**Activity**
Reproduce, exactly, the lines of the material below from the line containing "A skein of hand" through the line containing "small rolls of", with both end lines included and nothing else.

**Records for the task**

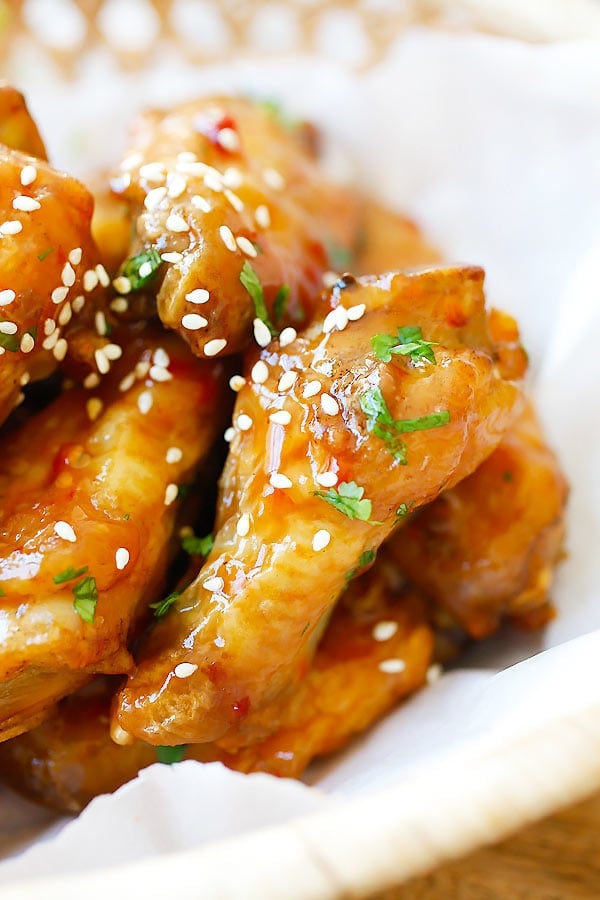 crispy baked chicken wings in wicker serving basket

---

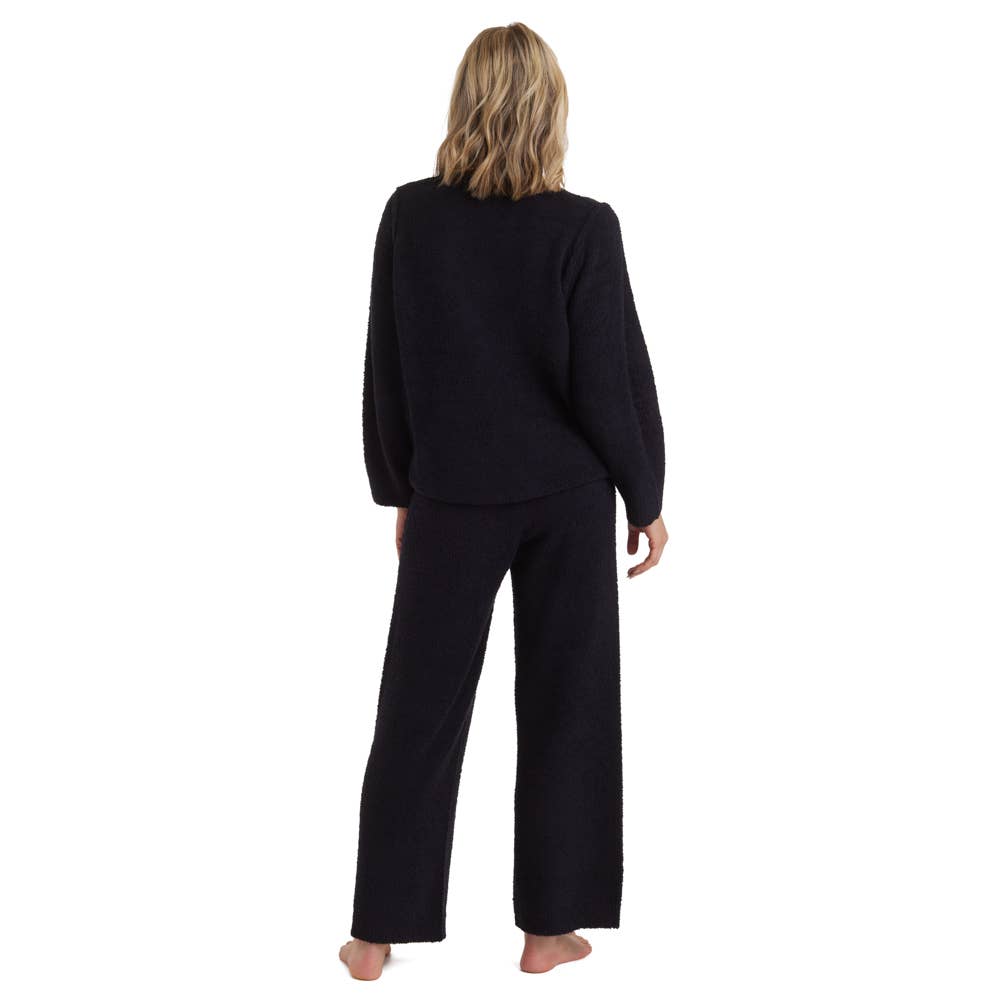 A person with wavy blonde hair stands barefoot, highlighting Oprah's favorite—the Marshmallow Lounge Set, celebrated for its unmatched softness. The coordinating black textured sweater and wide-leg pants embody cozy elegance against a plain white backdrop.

==

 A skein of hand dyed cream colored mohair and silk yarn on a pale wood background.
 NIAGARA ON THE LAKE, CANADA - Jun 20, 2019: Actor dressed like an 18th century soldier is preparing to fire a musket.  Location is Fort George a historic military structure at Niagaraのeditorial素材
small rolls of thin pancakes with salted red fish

**Answer to this task**
 A skein of hand dyed cream colored mohair and silk yarn on a pale wood background.
 NIAGARA ON THE LAKE, CANADA - Jun 20, 2019: Actor dressed like an 18th century soldier is preparing to fire a musket.  Location is Fort George a historic military structure at Niagaraのeditorial素材
small rolls of thin pancakes with salted red fish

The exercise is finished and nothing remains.